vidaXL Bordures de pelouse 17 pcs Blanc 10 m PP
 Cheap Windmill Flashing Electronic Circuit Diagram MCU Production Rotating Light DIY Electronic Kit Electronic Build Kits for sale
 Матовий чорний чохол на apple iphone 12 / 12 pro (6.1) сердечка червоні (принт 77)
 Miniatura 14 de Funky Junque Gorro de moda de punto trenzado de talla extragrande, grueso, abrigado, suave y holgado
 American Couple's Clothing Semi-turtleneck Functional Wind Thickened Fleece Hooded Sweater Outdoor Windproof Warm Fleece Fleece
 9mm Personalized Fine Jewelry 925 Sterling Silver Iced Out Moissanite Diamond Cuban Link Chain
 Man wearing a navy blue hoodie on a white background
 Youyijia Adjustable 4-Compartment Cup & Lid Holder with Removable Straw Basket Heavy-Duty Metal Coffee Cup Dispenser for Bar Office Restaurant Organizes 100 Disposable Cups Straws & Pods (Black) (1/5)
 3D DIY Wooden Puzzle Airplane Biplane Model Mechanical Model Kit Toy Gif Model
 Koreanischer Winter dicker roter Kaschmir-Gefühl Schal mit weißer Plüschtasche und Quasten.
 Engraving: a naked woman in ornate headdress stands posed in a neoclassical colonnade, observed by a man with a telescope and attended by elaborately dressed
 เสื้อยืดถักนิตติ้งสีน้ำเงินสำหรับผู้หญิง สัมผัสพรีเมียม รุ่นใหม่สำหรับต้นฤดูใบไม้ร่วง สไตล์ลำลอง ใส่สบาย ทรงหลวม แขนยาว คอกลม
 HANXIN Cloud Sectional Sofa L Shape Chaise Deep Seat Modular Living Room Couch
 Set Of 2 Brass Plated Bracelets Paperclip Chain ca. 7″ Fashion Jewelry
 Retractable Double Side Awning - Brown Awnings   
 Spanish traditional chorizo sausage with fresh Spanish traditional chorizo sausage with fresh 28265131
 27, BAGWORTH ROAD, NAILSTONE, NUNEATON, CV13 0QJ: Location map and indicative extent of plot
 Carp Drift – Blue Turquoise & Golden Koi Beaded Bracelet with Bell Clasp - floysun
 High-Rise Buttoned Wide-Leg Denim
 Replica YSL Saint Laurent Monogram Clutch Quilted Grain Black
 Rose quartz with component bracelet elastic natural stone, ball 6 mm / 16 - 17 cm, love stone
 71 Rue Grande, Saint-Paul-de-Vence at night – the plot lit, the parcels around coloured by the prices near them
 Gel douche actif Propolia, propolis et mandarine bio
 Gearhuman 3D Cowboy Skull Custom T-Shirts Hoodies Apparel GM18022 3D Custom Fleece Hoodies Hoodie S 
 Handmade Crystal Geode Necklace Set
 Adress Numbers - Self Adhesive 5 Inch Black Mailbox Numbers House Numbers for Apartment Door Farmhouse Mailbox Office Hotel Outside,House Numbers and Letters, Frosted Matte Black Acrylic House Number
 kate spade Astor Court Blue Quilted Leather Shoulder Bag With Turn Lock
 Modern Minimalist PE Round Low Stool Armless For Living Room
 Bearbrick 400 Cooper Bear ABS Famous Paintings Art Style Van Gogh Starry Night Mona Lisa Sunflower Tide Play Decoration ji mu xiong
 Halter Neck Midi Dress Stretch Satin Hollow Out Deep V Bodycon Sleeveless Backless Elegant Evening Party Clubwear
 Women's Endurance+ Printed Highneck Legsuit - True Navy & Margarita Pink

****************

WHAT YOU NEED TO DO: Using the exact wording, write out all of the records.

EXERCISE RESPONSE:
vidaXL Bordures de pelouse 17 pcs Blanc 10 m PP
 Cheap Windmill Flashing Electronic Circuit Diagram MCU Production Rotating Light DIY Electronic Kit Electronic Build Kits for sale
 Матовий чорний чохол на apple iphone 12 / 12 pro (6.1) сердечка червоні (принт 77)
 Miniatura 14 de Funky Junque Gorro de moda de punto trenzado de talla extragrande, grueso, abrigado, suave y holgado
 American Couple's Clothing Semi-turtleneck Functional Wind Thickened Fleece Hooded Sweater Outdoor Windproof Warm Fleece Fleece
 9mm Personalized Fine Jewelry 925 Sterling Silver Iced Out Moissanite Diamond Cuban Link Chain
 Man wearing a navy blue hoodie on a white background
 Youyijia Adjustable 4-Compartment Cup & Lid Holder with Removable Straw Basket Heavy-Duty Metal Coffee Cup Dispenser for Bar Office Restaurant Organizes 100 Disposable Cups Straws & Pods (Black) (1/5)
 3D DIY Wooden Puzzle Airplane Biplane Model Mechanical Model Kit Toy Gif Model
 Koreanischer Winter dicker roter Kaschmir-Gefühl Schal mit weißer Plüschtasche und Quasten.
 Engraving: a naked woman in ornate headdress stands posed in a neoclassical colonnade, observed by a man with a telescope and attended by elaborately dressed
 เสื้อยืดถักนิตติ้งสีน้ำเงินสำหรับผู้หญิง สัมผัสพรีเมียม รุ่นใหม่สำหรับต้นฤดูใบไม้ร่วง สไตล์ลำลอง ใส่สบาย ทรงหลวม แขนยาว คอกลม
 HANXIN Cloud Sectional Sofa L Shape Chaise Deep Seat Modular Living Room Couch
 Set Of 2 Brass Plated Bracelets Paperclip Chain ca. 7″ Fashion Jewelry
 Retractable Double Side Awning - Brown Awnings   
 Spanish traditional chorizo sausage with fresh Spanish traditional chorizo sausage with fresh 28265131
 27, BAGWORTH ROAD, NAILSTONE, NUNEATON, CV13 0QJ: Location map and indicative extent of plot
 Carp Drift – Blue Turquoise & Golden Koi Beaded Bracelet with Bell Clasp - floysun
 High-Rise Buttoned Wide-Leg Denim
 Replica YSL Saint Laurent Monogram Clutch Quilted Grain Black
 Rose quartz with component bracelet elastic natural stone, ball 6 mm / 16 - 17 cm, love stone
 71 Rue Grande, Saint-Paul-de-Vence at night – the plot lit, the parcels around coloured by the prices near them
 Gel douche actif Propolia, propolis et mandarine bio
 Gearhuman 3D Cowboy Skull Custom T-Shirts Hoodies Apparel GM18022 3D Custom Fleece Hoodies Hoodie S 
 Handmade Crystal Geode Necklace Set
 Adress Numbers - Self Adhesive 5 Inch Black Mailbox Numbers House Numbers for Apartment Door Farmhouse Mailbox Office Hotel Outside,House Numbers and Letters, Frosted Matte Black Acrylic House Number
 kate spade Astor Court Blue Quilted Leather Shoulder Bag With Turn Lock
 Modern Minimalist PE Round Low Stool Armless For Living Room
 Bearbrick 400 Cooper Bear ABS Famous Paintings Art Style Van Gogh Starry Night Mona Lisa Sunflower Tide Play Decoration ji mu xiong
 Halter Neck Midi Dress Stretch Satin Hollow Out Deep V Bodycon Sleeveless Backless Elegant Evening Party Clubwear
 Women's Endurance+ Printed Highneck Legsuit - True Navy & Margarita Pink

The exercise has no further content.